Cette fois la Chine s’est montrée intéressée par le troisième terminal du Pirée et par les aéroports d’Athènes et de Kasteli (île de Crète) ainsi que par le port de Tymbaki également en Crète. Ces infrastructures que la Chine voit comme des plateformes logistiques d’entrée vers l’Europe centrale et orientale, sont sur la liste des ventes d’actifs publics préconisées par le plan de restructuration imposées à la Grèce par le FMI et l’UE.

Parmi les événements dans la ligne de la vision logistique chinoise, l’inauguration, lors de la visite de Li Keqiang de la voie ferrée qui reliera la côte grecque à l’Europe centrale et orientale, destination finale des conteneurs de COSCO qui affirme vouloir acquérir 67% des parts du port du Pirée, en dépit du veto de la commission européenne qui tente d’éviter un monopole chinois.

Cité par un article du Point du 21 juin, l’ambassadeur de Chine à Athènes défend le projet de COSCO : « Après trois ans de dur travail, les terminaux pour conteneurs au Pirée ont quadruplé leur activité. C’est désormais le port qui se développe le plus rapidement au monde ; il a participé à la croissance de l’économie grecque et a créé de l’emploi ».
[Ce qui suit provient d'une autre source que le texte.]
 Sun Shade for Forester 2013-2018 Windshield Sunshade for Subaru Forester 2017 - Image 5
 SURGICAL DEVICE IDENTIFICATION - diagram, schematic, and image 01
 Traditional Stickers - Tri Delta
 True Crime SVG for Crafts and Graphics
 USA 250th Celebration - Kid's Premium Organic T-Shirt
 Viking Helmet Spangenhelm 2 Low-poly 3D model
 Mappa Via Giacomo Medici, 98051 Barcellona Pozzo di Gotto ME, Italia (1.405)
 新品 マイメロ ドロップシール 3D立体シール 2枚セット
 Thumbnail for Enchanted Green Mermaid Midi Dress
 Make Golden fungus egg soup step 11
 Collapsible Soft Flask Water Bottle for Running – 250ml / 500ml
Miltiadis Varvitsiokis, ministre grec de la marine confirme : depuis 2007 le volume des conteneurs transitant par le Pirée a augmenté de 130%, passant de 1,3 millions de tonnes EVP (Equivalent Vingt Pieds, moyenne entre les conteneurs de 20 et de 40 pieds) à 3,1 millions, ce qui place le port devant Le Havre. Notons que le premier port de conteneurs mondial est Shanghai avec avec 33,6 Millions de T/ EVP. Le premier européen est Roterdam, n°11 mondial à 11,6, suivi de Hambourg, 14e à 9,25 et Anvers 15e avec 8,5. Le port du Pirée est 46e, celui du Havre est 60e.
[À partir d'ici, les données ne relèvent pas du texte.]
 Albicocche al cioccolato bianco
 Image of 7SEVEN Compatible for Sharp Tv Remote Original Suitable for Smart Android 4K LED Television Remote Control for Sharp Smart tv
Selon l’AFP, repris par La Croix, le 16 juin le tout premier convoi de marchandises a quitté les installations de Cosco au Pirée à destination de la République Tchèque pour le compte du groupe informatique américain Hewlett Packard. Le 20 juin, MM. Li et Samaras ont inauguré le premier départ de marchandises chargées de conteneurs du groupe chinois Huawei à destination de l’Europe de l’Est.

Enfin un autre volet de la coopération entre Pékin et Athènes, en gestation depuis 2008, consisterait en des prêts des banques chinoises aux armateurs grecs afin de faire construire dans les chantiers navals chinois au moins dix navires. Les armateurs grecs, leader mondiaux, transportent 50% des exportations chinoises et 60% de l’énergie importée en Chine par voie maritime. (AFP / La Croix).
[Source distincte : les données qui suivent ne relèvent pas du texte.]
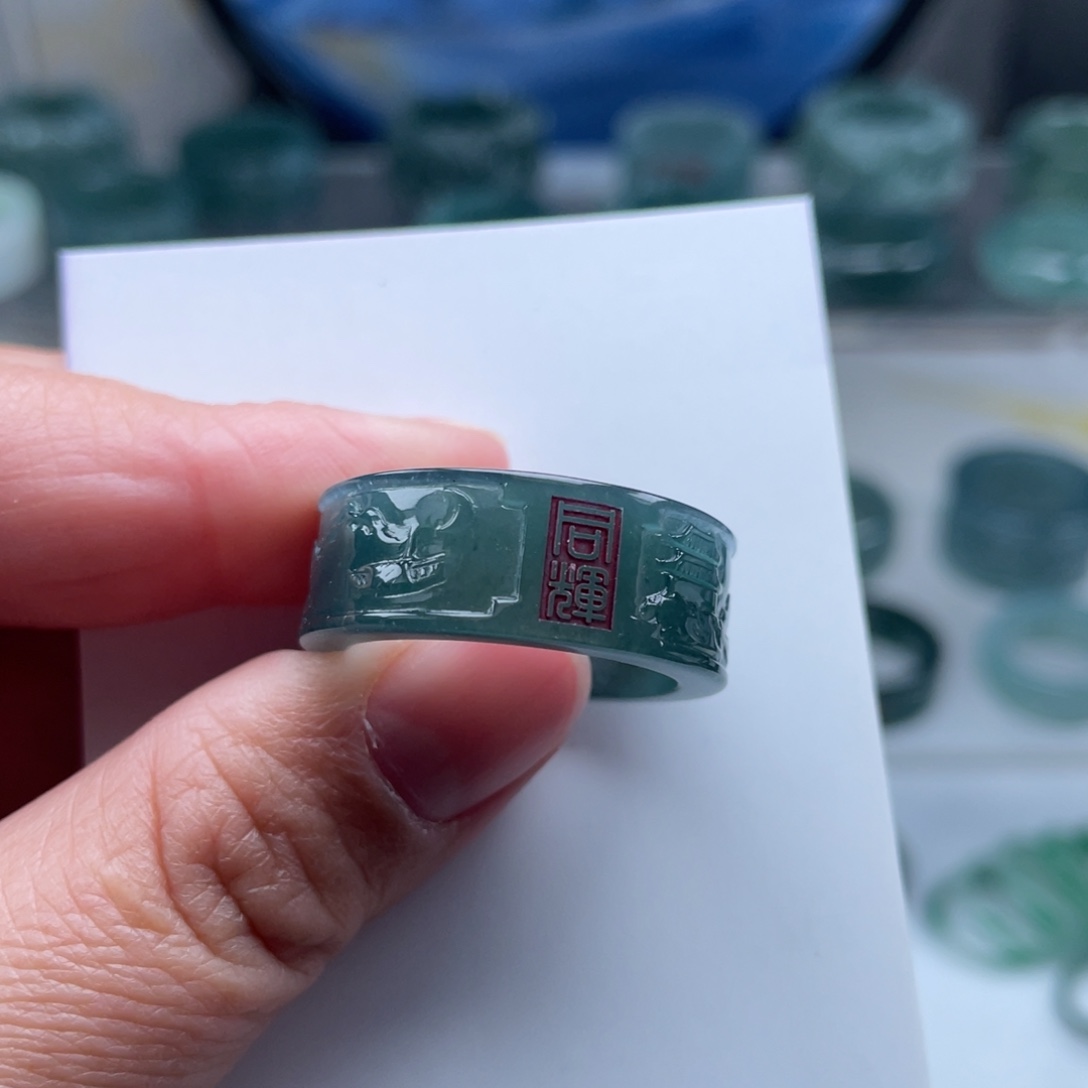 【闪购商品】翡翠戒指未镶嵌杨****粉翡翠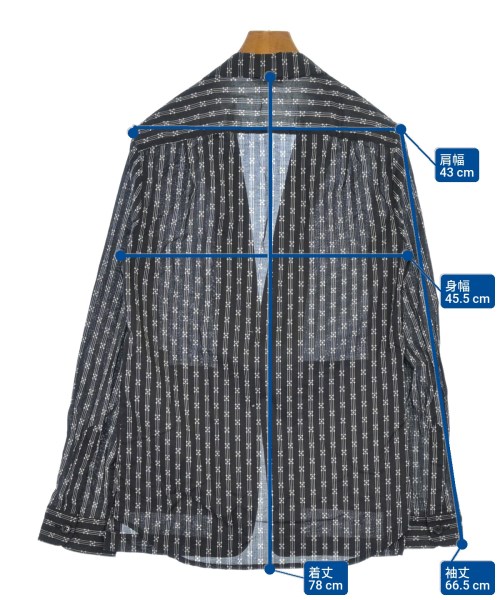 ANN DEMEULEMEESTER（アンドゥムルメステール）カジュアルジャケット 黒 サイズ:5(XXL位) メンズ/2200612077232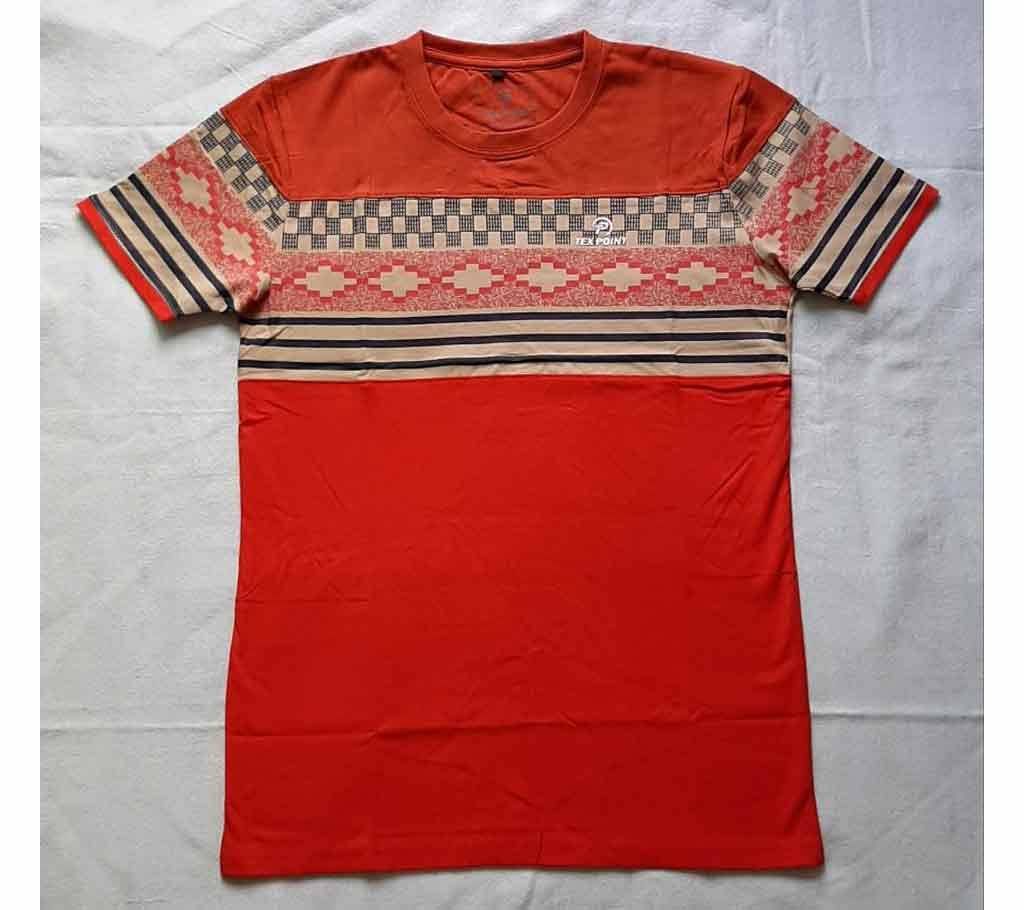 Cotton T-shirt rubber print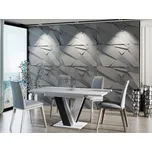 Kuchyňský stůl Mirjan24 obdélníkový bílý 120 x 80 x 76 cm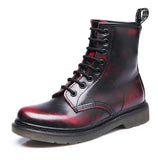 Niulatu Boots Women Genuine Leather Shoes For Winter Boots Shoes Woman Casual Autumn Genuine Leather Botas Mujer Female Ankle Boots DJSE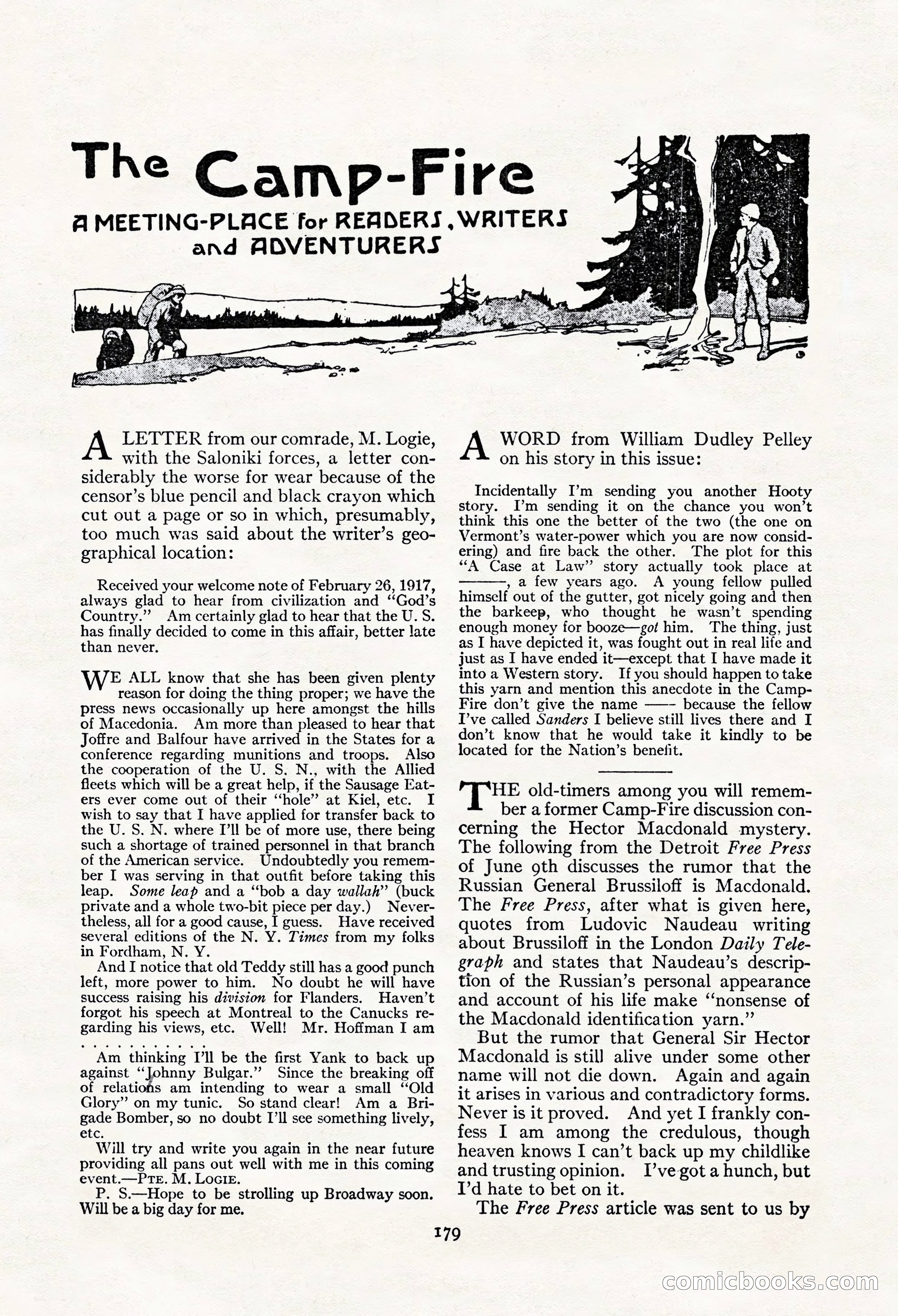 Adventure Magazine, Mid-September 1917 — page 181 of 196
Photo Le 20 juin, MM. Li et Samaras ont inauguré le premier départ de marchandises pour le compte du groupe chinois Huawei (information et communication) à destination de l’Europe de l’Est. A droite de Li Keqiang Ma Zehua, PDG de COSCO nommé en juillet 2013. Âgé de 61 ans, Ma est employé chez COSCO depuis 1977. Il était vice-président du groupe depuis 2001.